All good referees, as you know from your own experience, train hours a day on the physical, mental and game management aspects of the game, learning by reviewing tapes and testing to ensure that the referee’s knowledge of game rules and nuances is second to none. Of course, I just fell into this gig by answering an ad on Craig’s List. I think Tibbs and Josh saw that I was breathing, had a striped shirt with a patch on it that I stole off a homeless guy at the Kendall Square T stop on the way to the interview and didn’t drool, so figured I was legit.
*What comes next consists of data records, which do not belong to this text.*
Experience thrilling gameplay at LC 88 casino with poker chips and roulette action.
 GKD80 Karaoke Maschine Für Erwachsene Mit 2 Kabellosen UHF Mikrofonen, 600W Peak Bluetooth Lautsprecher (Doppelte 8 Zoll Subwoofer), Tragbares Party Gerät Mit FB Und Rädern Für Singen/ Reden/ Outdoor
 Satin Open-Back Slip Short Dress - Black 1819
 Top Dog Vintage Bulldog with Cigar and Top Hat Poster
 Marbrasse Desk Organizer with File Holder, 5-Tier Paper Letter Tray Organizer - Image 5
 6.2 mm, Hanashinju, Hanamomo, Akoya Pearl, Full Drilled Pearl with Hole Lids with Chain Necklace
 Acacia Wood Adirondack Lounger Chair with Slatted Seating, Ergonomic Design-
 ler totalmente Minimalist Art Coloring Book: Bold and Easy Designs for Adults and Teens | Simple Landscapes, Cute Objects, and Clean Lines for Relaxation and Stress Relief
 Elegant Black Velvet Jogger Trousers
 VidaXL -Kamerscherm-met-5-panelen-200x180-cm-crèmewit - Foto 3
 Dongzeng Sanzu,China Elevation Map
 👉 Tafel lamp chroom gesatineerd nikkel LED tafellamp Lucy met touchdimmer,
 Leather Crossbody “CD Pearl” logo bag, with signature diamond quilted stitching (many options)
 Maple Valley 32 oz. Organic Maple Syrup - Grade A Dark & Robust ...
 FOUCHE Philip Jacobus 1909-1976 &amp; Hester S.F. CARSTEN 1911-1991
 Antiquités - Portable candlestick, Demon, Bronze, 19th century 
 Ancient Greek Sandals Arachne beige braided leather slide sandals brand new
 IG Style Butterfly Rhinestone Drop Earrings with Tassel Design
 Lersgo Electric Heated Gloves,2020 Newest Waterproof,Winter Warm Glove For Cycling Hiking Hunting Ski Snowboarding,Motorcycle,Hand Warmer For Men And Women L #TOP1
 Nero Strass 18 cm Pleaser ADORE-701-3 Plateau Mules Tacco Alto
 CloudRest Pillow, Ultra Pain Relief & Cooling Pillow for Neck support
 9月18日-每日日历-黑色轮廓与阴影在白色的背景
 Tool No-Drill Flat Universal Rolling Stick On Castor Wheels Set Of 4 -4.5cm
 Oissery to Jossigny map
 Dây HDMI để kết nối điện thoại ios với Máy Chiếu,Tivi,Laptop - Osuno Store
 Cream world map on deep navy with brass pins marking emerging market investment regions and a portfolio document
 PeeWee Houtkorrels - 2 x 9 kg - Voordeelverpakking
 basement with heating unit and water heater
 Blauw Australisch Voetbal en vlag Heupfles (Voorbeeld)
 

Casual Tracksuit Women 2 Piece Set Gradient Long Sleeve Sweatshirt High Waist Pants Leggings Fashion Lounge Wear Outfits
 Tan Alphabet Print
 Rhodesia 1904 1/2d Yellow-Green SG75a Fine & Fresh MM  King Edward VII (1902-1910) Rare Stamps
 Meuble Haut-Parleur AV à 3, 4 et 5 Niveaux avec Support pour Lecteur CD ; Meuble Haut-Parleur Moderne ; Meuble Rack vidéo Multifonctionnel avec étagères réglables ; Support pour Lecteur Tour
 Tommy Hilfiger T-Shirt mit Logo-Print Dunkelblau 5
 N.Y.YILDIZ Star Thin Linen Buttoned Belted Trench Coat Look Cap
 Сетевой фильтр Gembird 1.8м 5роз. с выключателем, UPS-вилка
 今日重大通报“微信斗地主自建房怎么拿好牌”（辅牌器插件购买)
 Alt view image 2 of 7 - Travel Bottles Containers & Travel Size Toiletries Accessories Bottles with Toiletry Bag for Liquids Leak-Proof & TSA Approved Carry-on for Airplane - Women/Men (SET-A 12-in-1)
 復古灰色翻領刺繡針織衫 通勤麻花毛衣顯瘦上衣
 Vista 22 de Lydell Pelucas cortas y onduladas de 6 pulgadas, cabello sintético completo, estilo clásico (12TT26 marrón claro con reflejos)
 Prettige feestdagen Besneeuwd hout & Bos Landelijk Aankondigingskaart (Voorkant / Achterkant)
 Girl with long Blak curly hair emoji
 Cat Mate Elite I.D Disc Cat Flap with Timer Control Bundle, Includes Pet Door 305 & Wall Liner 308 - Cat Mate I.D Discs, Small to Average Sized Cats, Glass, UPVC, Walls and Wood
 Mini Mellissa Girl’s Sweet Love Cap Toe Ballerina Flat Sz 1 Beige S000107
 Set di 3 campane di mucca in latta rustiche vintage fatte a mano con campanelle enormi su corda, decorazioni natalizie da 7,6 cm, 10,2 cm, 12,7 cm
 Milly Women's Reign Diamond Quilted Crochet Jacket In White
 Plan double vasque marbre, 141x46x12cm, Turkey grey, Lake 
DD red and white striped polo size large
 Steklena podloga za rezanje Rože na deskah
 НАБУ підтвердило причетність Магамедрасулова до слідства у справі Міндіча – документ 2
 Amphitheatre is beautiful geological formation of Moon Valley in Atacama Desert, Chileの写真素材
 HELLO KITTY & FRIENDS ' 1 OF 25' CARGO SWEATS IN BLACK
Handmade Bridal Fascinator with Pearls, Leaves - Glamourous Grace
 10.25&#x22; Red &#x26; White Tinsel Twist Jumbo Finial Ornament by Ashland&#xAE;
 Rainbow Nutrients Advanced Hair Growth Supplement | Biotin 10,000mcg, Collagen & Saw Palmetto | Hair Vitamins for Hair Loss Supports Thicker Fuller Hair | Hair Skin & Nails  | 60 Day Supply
See, this is what I am talking about. One person goes around offering massages and commits gruesome murders and Craigslist gets a bad name. Where are you now FOX 25 News? We got a news story involving Craigslist with a “happy ending” and NO murder
2. As a ref, you have seen some great moments in hoops. Please, tell me, who holds that special place in your heart for the GREATEST meltdown on the court because of one of your calls?
Greatest meltdown? WSNS B2 Monday nights are dear to me, as every night was the GREATEST meltdown. Directed at me would have to be the night I T’d out half of JTho’s team, or even another night with the great JTho himself (yes, knocking over the entire line up in the paint on a free throw IS a foul, even if there are only 20 seconds left and your team is down by 2!). I’ll keep some of the best stuff on the down low, as what the cops don’t know we need not share. You?
Mine involved someone throwing a shoe at the other team because I did not make the call. Yup, Random Task was born.
I feel like this conversation is like the part in Jaws where Hooper and Quint discuss their “wounds”. I’ll drink to your leg if you drink to mine….
3. What is more tainted, the Major League Baseball all time home run record, or Jeff Green’s underwear any time a pass is thrown to him in the fourth quarter of a meaningful game?
First of all, you assume that I am familiar with the underwear. Not enough beer in Somerville, my friend! Hey, I had season tickets in the outfield seats at Three Rivers Stadium during Barry Bonds first three years on the Pirates ($1 a game with a student ID, with the 11th game free). Man, did that guy balloon up or what? Can’t say what did or didn’t happen, but those home run races between him, Sosa and McGuire brought baseball back prime-time after their disastrous strike (NFLPA, hello?). Hell, I watched, we all did. It was exciting. Tainted, but exciting.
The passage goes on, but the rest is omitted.